Every entry in the following listing must be restated word for word, though not its pictures.
^^^^
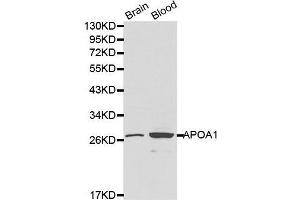 Western Blotting (WB) image for anti-Apolipoprotein A-I (APOA1) (AA 20-267) antibody (ABIN3021495) (APOA1 抗体  (AA 20-267))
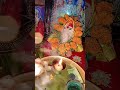 #ganeshchaturthi #ganesh Murti sthapna☺️#ganpati #trending #shorts #viralvideo #viral #youtubeshorts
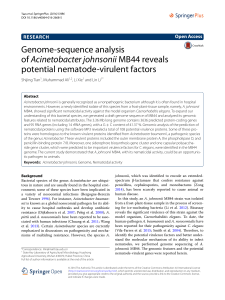 Genome-sequence analysis of Acinetobacter johnsonii MB44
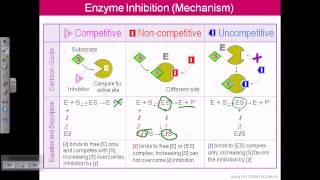 Enzyme inhibition [upl. by Anailil]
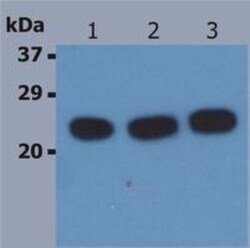 HRAS Antibody (H-Ras-03) - BSA Free, Novus Biologicals 0.1 mg | Buy Online | Novus Biologicals | Fisher Scientific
^^^^
Written answer:
 Western Blotting (WB) image for anti-Apolipoprotein A-I (APOA1) (AA 20-267) antibody (ABIN3021495) (APOA1 抗体  (AA 20-267))
 #ganeshchaturthi #ganesh Murti sthapna☺️#ganpati #trending #shorts #viralvideo #viral #youtubeshorts
 Genome-sequence analysis of Acinetobacter johnsonii MB44
 Enzyme inhibition [upl. by Anailil]
 HRAS Antibody (H-Ras-03) - BSA Free, Novus Biologicals 0.1 mg | Buy Online | Novus Biologicals | Fisher Scientific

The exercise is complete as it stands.